In de laatste hoofdstukken laat Beauregard zien dat je mystieke ervaringen met moderne hulpmiddelen kunt bestuderen: het heeft geen zin om je toevlucht te nemen tot een van de vele gekunstelde theorieen die nu in omloop zijn. Hij heeft Karmelietesser nonnen onderzocht en zijn verslag van dit onderzoek is zeer lezenswaard. Volgens Beauregard rekent ‘ons onderzoek af met het idee dat er een eenvoudige God-plek (god-spot) is in de hersenen. De ervaringen lieten zien dat een mystieke ervaring complex is en meerdimensionaal en deze conclusie stemt overeen met de beschrijvingen van de proefpersonen.

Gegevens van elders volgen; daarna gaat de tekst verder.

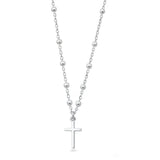 Sterling Silver Polished Rosary Necklace
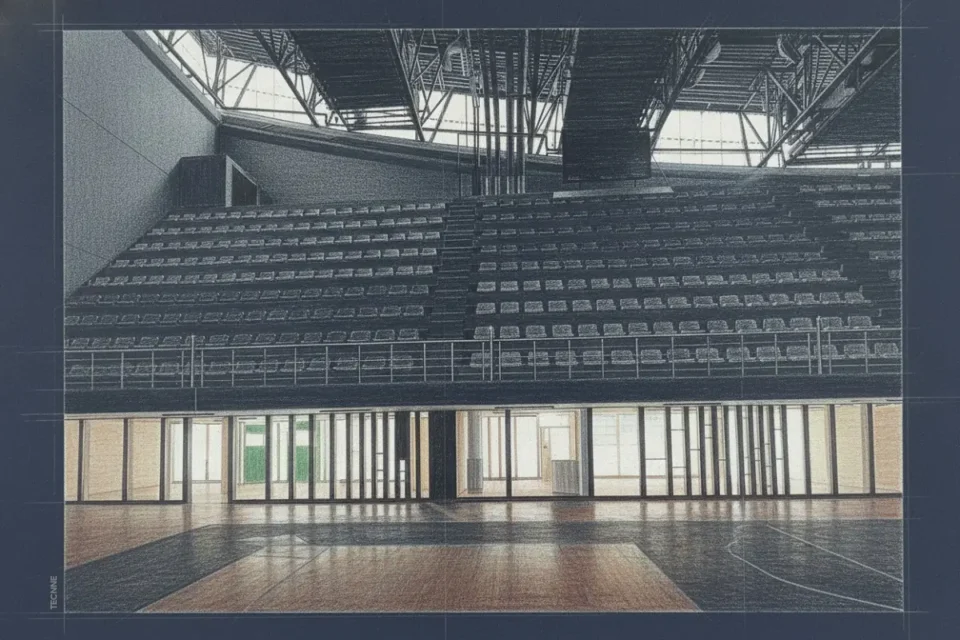 Le Corbusier Gimnasio en Bagdad gradas del gimnasio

We hebben ook kunnen vaststellen dat een mystieke ervaring iets anders is dan een emotionele beleving.'

Ironisch is de volgende opmerking: ‘Hebben wij nu laten zien dat de nonnen niet in contact treden met iets dat buiten hen bestaat? –Nee, omdat er geen mogelijkheid is om dit eenzijdig te bewijzen of te weerleggen.’ Jawel, deze zin staat in hetzelfde boek als de zin die ik hierboven aanhaalde: dat men mystieke verklaringen alleen kan ontkrachten door aan te tonen dat deze inhoudelijk foutief zijn.